- [Your objective] Transcribe the whole listing without a single picture.

- [Supplied records]
════════════════
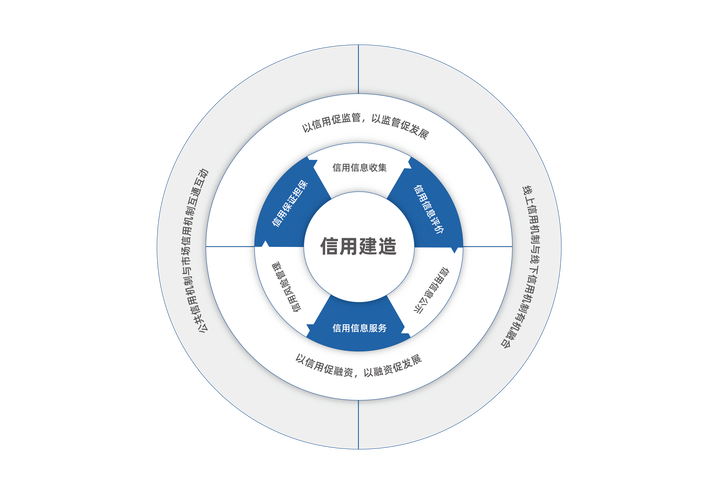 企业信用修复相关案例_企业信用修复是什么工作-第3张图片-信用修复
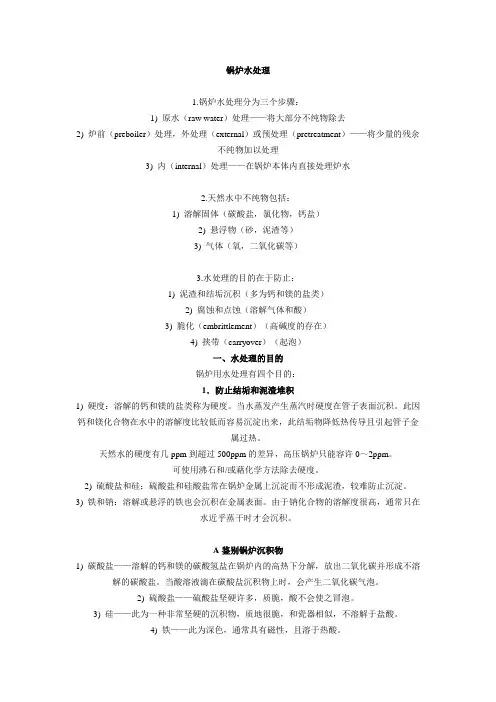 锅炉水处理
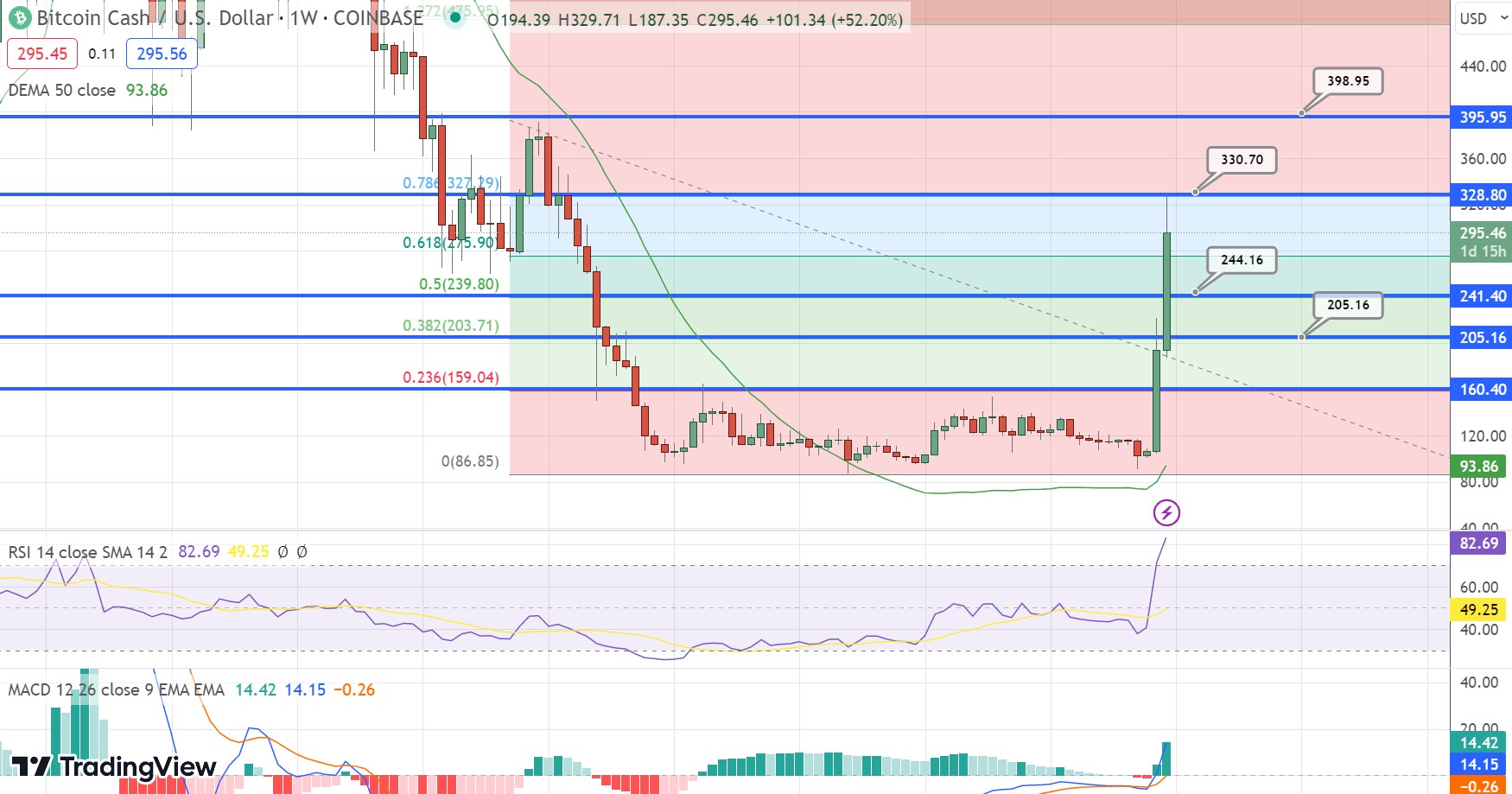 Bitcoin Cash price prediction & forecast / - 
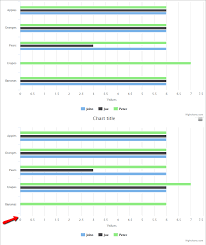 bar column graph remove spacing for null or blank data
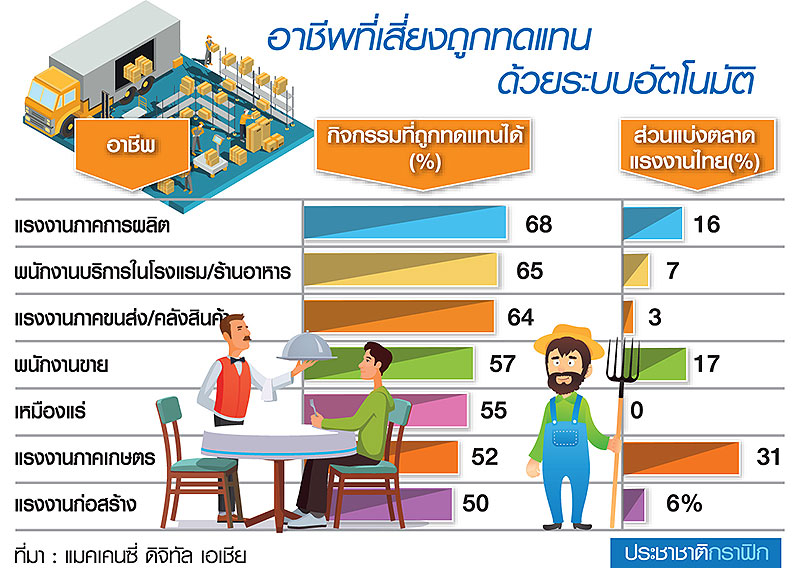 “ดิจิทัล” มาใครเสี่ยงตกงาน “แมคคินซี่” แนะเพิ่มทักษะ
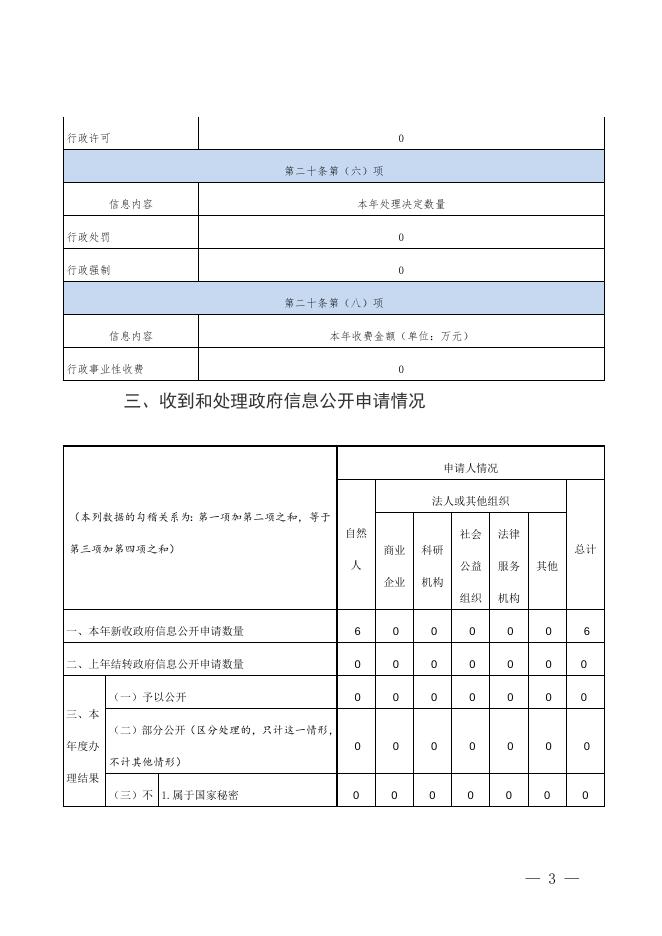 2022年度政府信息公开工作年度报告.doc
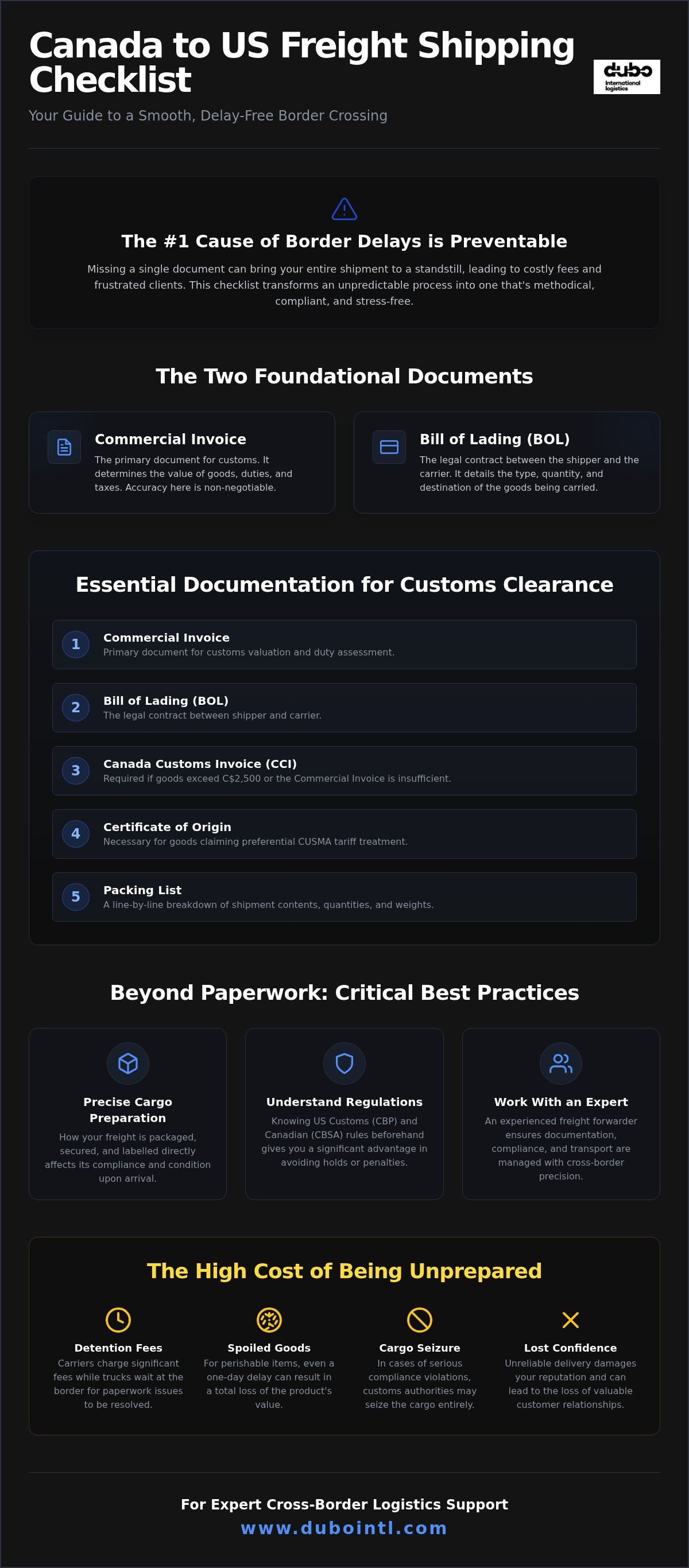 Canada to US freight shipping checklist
════════════════
- [Answer to this task]
 企业信用修复相关案例_企业信用修复是什么工作-第3张图片-信用修复
 锅炉水处理
 Bitcoin Cash price prediction & forecast / - 
 bar column graph remove spacing for null or blank data
 “ดิจิทัล” มาใครเสี่ยงตกงาน “แมคคินซี่” แนะเพิ่มทักษะ
 2022年度政府信息公开工作年度报告.doc
 Canada to US freight shipping checklist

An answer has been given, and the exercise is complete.